» **Problem requirements**
Give the records again in full, exactly as they appear, but without the pictures.

» **Information**
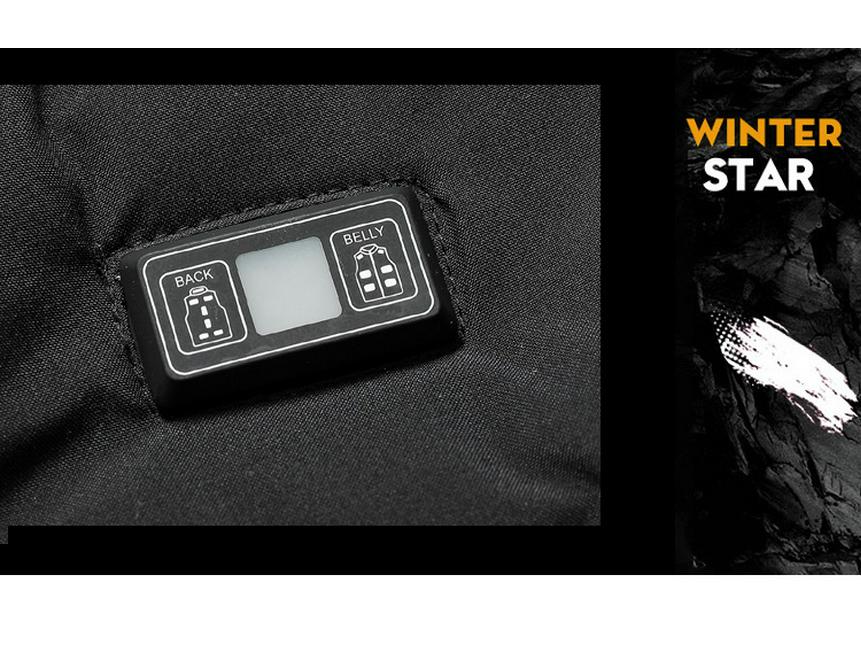 Мужской USB Электрический Жилет с Интеллектуальным Подогревом в Пятнадцати Зонах с Дисплеем.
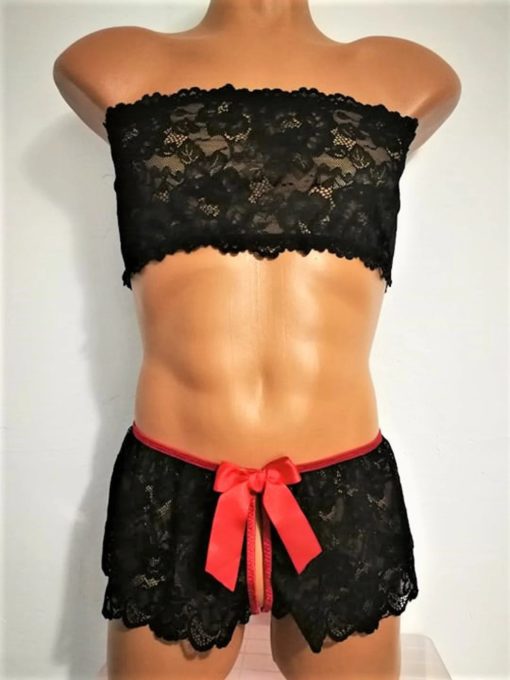 black sissy lingerie set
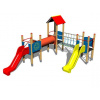 Playground System DETSKÉ IHRISKÁ - veľká multifunkčná zostava - dve šmýkačky 4U307D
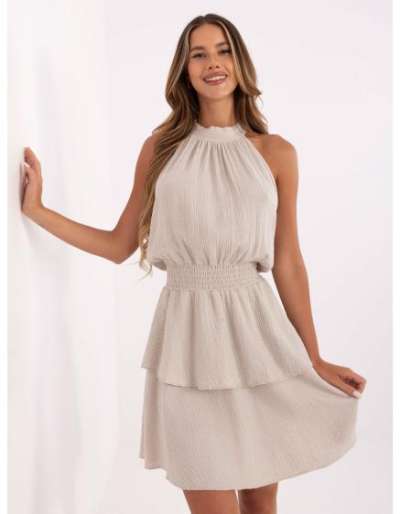Bézs színű, omlós muszlin ruha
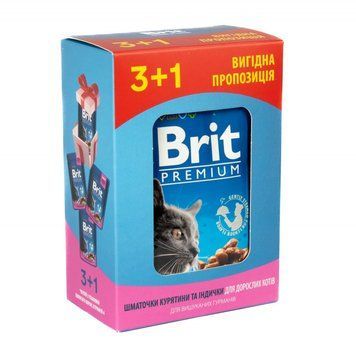 Набір паучів 3+1 Brit Premium Cat Chicken and Turkey для котів шматочки в соусі з куркою та індичкою 4х100 г VAFO_030332 фото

» **Task answer**
 Мужской USB Электрический Жилет с Интеллектуальным Подогревом в Пятнадцати Зонах с Дисплеем.
 black sissy lingerie set
 Playground System DETSKÉ IHRISKÁ - veľká multifunkčná zostava - dve šmýkačky 4U307D
Bézs színű, omlós muszlin ruha
 Набір паучів 3+1 Brit Premium Cat Chicken and Turkey для котів шматочки в соусі з куркою та індичкою 4х100 г VAFO_030332 фото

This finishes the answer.